Blog

One Night Only

Absence is one of the most useful ingredients of family life, and to do it rightly is an art like any other. ~ Freya Stark

As I write this, I have returned a day early from an ill-fated trip to Boston with my brother. One day I’ll write about what all went down, or maybe I won’t – that’s one of the hazards of having a writer in the family – writers don’t forget. For now, it will suffice that I’m back home, and the next time I go to Boston it will be alone or with Andy. The unfortunate thing about family, especially for a control freak, is that you have no choice or say in the matter, and that goes both ways – I am certain none of these people would have chosen me either. After years of trying to reconcile this, after years of fighting against it and trying every conceivable way in the world to make something work, to make myself the slightest bit lovable, it’s time to move on.

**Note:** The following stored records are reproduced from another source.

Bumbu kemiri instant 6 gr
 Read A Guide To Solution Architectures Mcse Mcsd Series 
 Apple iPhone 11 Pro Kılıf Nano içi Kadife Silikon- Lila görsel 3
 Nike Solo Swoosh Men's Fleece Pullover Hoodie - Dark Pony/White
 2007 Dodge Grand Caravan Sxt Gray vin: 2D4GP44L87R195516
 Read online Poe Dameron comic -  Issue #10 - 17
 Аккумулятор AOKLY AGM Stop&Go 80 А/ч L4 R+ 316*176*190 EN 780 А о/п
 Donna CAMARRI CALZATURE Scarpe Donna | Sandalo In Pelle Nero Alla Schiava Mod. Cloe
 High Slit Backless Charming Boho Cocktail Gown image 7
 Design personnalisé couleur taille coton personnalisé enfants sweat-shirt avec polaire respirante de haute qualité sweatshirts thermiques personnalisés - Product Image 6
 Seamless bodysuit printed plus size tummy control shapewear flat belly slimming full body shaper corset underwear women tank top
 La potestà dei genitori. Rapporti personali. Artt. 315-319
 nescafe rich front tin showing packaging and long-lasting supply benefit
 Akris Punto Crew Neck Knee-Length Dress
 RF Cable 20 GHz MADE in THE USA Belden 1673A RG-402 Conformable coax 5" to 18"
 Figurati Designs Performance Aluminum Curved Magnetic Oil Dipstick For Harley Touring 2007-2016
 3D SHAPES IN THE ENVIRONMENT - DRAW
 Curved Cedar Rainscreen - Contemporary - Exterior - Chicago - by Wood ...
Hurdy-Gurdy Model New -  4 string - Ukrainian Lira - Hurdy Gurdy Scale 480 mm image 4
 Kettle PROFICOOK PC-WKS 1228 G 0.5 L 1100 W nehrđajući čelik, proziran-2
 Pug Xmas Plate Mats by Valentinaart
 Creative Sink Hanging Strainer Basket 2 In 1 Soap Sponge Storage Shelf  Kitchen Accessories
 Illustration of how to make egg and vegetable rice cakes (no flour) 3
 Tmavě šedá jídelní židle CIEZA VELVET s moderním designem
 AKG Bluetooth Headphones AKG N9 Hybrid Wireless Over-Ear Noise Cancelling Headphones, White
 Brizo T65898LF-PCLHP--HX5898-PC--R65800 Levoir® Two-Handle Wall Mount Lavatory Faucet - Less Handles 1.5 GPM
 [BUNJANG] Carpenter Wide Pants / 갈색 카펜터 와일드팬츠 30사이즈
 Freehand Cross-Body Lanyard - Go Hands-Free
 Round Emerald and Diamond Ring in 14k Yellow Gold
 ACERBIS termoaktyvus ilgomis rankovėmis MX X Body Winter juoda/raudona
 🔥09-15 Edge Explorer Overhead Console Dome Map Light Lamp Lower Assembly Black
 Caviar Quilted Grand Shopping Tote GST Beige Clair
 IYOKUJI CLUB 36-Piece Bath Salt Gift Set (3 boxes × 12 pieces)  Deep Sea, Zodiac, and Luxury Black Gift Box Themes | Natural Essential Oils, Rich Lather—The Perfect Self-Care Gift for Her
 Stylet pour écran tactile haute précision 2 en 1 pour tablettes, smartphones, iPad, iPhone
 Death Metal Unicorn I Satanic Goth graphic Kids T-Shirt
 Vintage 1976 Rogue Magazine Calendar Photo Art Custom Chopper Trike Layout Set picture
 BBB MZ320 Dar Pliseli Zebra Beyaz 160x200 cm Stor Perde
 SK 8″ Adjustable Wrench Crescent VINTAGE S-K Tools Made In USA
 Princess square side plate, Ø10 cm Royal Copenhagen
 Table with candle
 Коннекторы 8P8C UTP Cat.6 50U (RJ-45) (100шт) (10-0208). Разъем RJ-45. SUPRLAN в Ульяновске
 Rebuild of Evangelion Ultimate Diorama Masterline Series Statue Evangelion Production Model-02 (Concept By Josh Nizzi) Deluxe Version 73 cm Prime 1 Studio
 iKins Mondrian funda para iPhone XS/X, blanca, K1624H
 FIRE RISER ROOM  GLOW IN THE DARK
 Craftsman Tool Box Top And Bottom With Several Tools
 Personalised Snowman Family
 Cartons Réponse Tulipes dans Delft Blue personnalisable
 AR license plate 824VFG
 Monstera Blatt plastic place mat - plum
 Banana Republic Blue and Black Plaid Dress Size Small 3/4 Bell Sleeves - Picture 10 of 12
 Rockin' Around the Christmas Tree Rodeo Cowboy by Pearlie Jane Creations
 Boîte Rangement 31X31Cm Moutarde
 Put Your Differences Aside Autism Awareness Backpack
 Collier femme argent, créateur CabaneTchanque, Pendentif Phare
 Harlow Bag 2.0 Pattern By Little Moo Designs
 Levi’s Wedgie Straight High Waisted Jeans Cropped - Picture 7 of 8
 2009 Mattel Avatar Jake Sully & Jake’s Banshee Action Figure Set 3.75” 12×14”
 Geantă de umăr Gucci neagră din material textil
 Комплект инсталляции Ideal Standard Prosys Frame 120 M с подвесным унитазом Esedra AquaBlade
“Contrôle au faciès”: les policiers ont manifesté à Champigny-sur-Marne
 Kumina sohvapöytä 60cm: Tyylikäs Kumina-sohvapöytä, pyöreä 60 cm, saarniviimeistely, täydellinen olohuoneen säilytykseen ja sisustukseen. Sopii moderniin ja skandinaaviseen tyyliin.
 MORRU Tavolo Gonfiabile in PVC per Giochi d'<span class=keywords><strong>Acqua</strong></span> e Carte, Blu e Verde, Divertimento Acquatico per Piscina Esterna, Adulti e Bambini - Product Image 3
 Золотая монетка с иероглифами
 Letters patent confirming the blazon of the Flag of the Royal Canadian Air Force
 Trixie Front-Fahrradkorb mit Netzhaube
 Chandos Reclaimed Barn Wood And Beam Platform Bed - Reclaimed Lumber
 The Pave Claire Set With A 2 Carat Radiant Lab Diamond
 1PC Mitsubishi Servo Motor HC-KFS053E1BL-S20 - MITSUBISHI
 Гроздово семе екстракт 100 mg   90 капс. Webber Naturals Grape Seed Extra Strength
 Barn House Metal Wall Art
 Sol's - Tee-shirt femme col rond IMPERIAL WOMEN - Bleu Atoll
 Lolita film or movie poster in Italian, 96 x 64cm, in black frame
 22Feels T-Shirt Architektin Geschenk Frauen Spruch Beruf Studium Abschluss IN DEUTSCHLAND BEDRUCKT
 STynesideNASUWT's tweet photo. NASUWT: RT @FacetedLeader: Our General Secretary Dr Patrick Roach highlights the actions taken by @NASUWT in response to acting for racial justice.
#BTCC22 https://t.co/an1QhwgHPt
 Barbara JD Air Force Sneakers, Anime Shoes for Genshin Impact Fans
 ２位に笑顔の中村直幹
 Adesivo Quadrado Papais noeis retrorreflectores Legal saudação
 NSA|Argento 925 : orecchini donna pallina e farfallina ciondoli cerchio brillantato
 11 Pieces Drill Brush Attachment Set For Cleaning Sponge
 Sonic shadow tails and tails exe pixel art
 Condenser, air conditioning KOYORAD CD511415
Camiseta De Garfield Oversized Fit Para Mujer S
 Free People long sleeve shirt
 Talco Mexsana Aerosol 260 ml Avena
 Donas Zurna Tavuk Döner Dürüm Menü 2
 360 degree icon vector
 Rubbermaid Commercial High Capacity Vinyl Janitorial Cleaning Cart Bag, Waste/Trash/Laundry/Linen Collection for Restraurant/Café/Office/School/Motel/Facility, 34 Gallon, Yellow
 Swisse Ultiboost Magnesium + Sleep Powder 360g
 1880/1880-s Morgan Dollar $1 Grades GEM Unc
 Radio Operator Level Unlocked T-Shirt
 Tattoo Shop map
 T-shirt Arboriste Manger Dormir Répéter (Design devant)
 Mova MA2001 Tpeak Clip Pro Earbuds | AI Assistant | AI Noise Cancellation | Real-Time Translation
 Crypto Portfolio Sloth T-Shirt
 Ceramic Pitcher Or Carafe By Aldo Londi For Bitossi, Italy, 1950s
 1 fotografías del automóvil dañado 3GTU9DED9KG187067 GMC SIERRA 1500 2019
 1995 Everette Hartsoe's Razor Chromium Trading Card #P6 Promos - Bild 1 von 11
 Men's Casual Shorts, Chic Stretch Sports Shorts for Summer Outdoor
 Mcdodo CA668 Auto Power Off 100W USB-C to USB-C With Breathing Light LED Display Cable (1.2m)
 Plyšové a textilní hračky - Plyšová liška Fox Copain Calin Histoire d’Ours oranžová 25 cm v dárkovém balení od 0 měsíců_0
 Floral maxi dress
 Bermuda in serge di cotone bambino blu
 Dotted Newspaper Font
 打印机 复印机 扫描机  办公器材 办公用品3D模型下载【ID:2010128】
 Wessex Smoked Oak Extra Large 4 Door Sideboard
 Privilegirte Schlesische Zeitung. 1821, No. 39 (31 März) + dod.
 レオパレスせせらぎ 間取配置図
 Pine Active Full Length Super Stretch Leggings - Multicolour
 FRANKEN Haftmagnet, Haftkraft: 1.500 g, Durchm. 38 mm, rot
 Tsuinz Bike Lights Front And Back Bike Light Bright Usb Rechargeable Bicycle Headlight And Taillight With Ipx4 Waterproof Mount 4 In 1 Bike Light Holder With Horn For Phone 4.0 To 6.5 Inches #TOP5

For his noble efforts in picking me up (and beating the storm), I bought a bouquet of pink hyacinths for Andy. When the family that God grants us disappoints or doesn’t care, we have to create our own. Over the past twenty years, I have unwittingly done that, and, as witnessed on nights like the last, they have never let me down. It’s a strange thing when the ones who are supposed to love you simply don’t – or can’t – and it creates all sorts of fucked-up ailments and afflictions that in turn tend to drive people even further away. Luckily, there has always been someone else to step in, to see through the hurt, to forge ahead into the heart because they knew there was love to be found. And when there’s no familial bond keeping them there, when you see they are there in your life because they want to be, and you don’t have to keep asking and begging and making all the effort yourself, they are all the more dear.